### EXERCISE
Would you copy exactly the lines in the data below from the one that has "a swimming pool view with a seating space" through the one that has "In this Thursday, June", dropping any pictures?

### SUPPLIED RECORDS
-- Opening Marker --

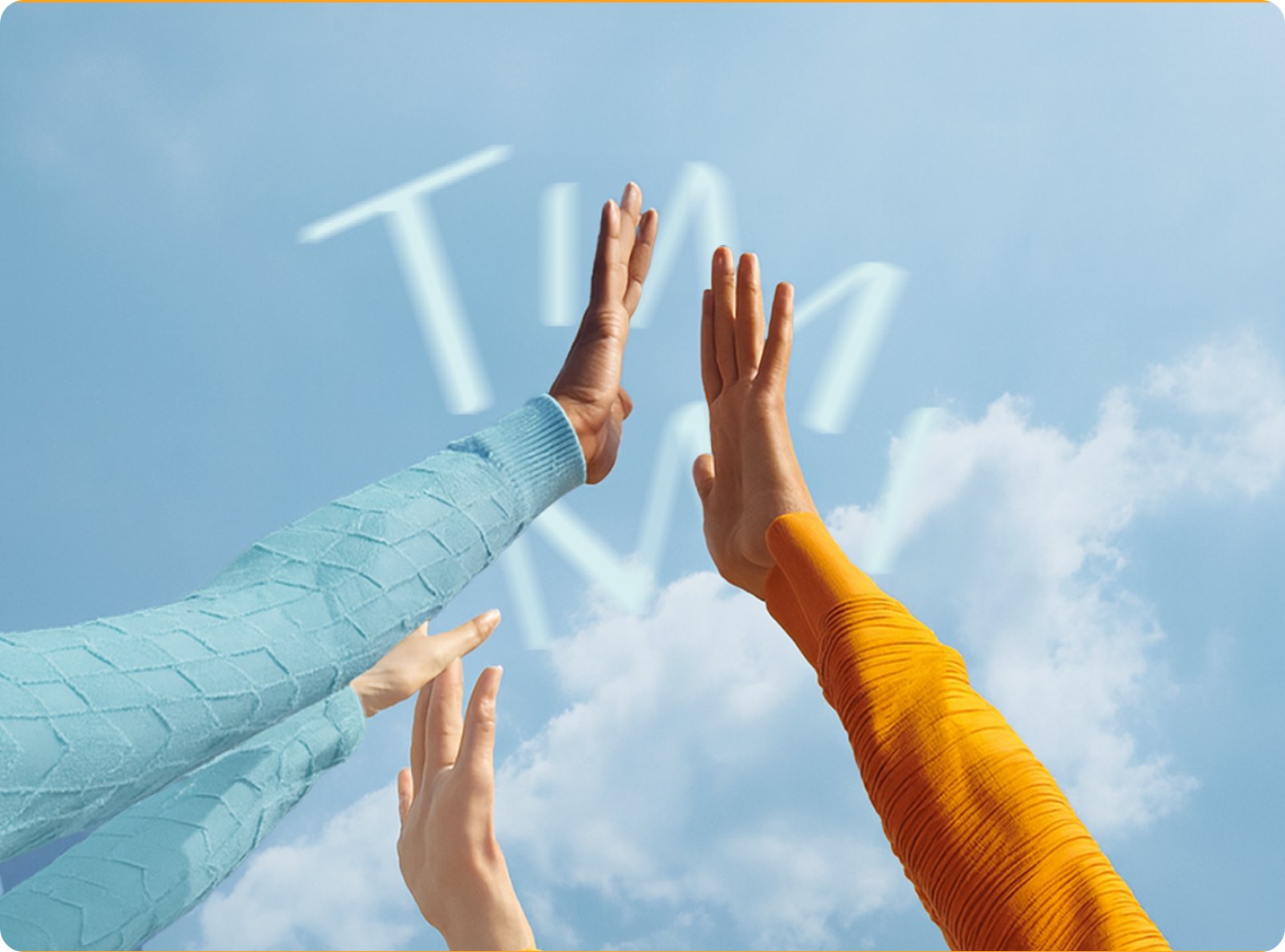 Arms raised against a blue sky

-- Closing Marker --
-- Opening Marker --

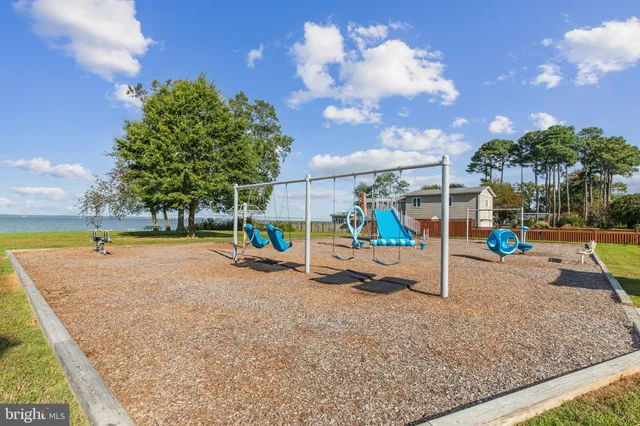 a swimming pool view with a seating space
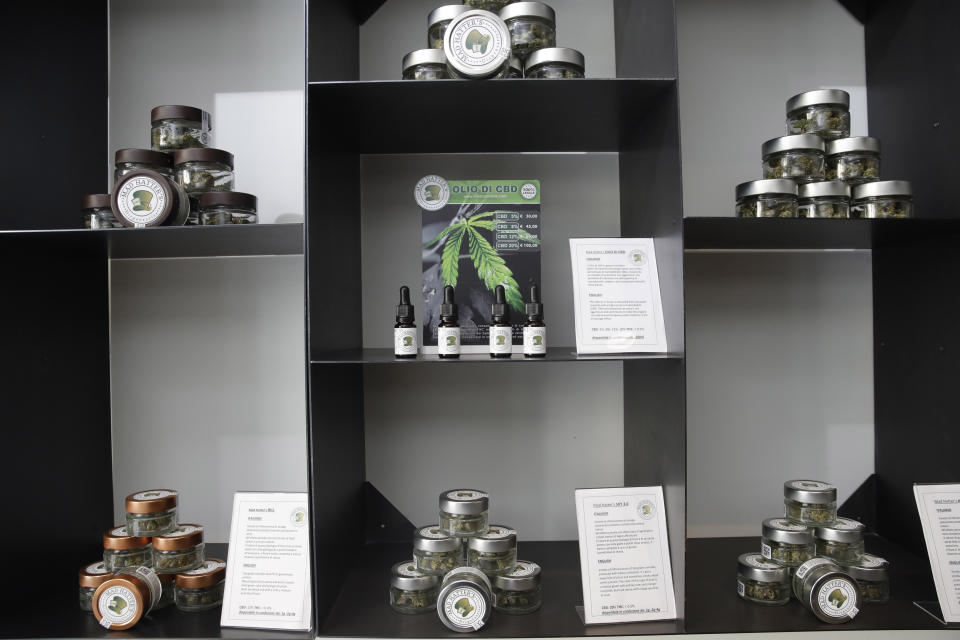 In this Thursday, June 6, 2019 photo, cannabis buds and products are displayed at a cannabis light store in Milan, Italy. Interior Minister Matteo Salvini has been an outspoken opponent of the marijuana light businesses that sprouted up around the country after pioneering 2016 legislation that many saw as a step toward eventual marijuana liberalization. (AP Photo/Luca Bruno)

-- Closing Marker --
-- Opening Marker --

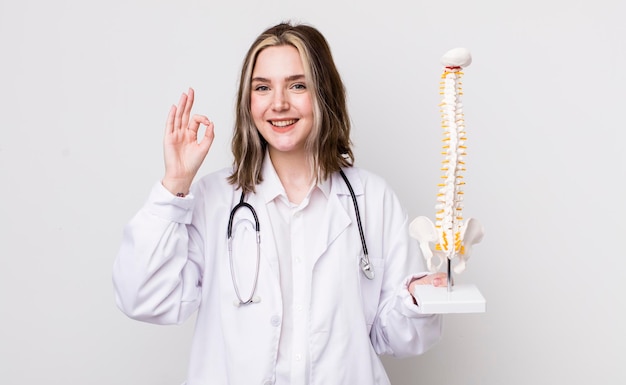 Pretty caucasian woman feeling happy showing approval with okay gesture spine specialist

-- Closing Marker --

### SOLUTION BELOW
 a swimming pool view with a seating space
 In this Thursday, June 6, 2019 photo, cannabis buds and products are displayed at a cannabis light store in Milan, Italy. Interior Minister Matteo Salvini has been an outspoken opponent of the marijuana light businesses that sprouted up around the country after pioneering 2016 legislation that many saw as a step toward eventual marijuana liberalization. (AP Photo/Luca Bruno)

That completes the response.